# Part 1: Numerical Programming and Reproducible Science

In the first part of this lab we will work through an extended example of exploratory data analysis and supervised machine learning using the Boston Housing Dataset.

## Step 1: Data Modeling

OK, let's get started. The first thing we want to do is get our dataset loaded and start to get a feel for it.

In [0]:
# Initial imports
import numpy as np
import matplotlib.pyplot as plt
import pandas as pd
from sklearn.datasets import load_boston

# Load the sklearn version of the Boston Housing dataset.
ds = load_boston()

### Exercise 1a: Poking Around

Spend some time looking at the elements of the `ds` we just loaded (it's a python `dict`, and you can also use *dot* notation: `ds.data == ds['data']`). Find the description of the dataset and make sure you understand what the features are and what the targets variable is.

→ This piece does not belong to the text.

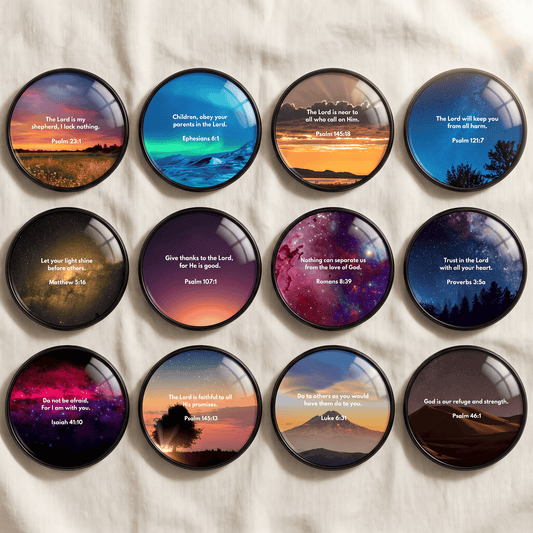 12 Additional Scripture Galaxy Discs For Bible Projector (Limited Collection)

We are going to construct a Pandas `DataFrame` in the next exercise. Where can you get reasonable column names from the sklearn dataset object?

### Exercise 1b: Creating the DataFrame

OK, now we can create the `DataFrame` to hold our independent variables and a `Series` to hold the target values. Make sure you use good column names when constructing the `DataFrame`.

In [0]:
# Create a Pandas DataFrame for our dataset.
df = pd.DataFrame(ds.data, columns=ds.feature_names)  # Your code to build the DataFrame here.
target = pd.Series(ds.target)                 # Your code build the target Series here.

### Exercise 1c: Examining the Data

Study the *descriptive statistics* (use `df.describe()`) of the data. Do you notice anything "strange" about any of the features? Are the features scaled similarly? 


## Step 2: Visualization

OK, now that we have a bit of a *feel* for our data, let's get a better idea about it through visualization.

### Exercise 2a: Visualizing the Target
Create a plot to study the **distribution** of our target values. A useful tool is the **histogram** that plots the *frequency* of elements from some domain (`plt.hist()` is the function).

**Note**: in addition to *histograms*, try out the Seaborn function `distplot`.

In [0]:
import seaborn as sns  # In case you want to try out distplot.

### Exercise 2b: Subplots
Now create a multi-plot figure to visualize the distributions of **all** of the independent features in the dataset. Make sure you use `figsize=` to resize the figure appropriately (like in my slides).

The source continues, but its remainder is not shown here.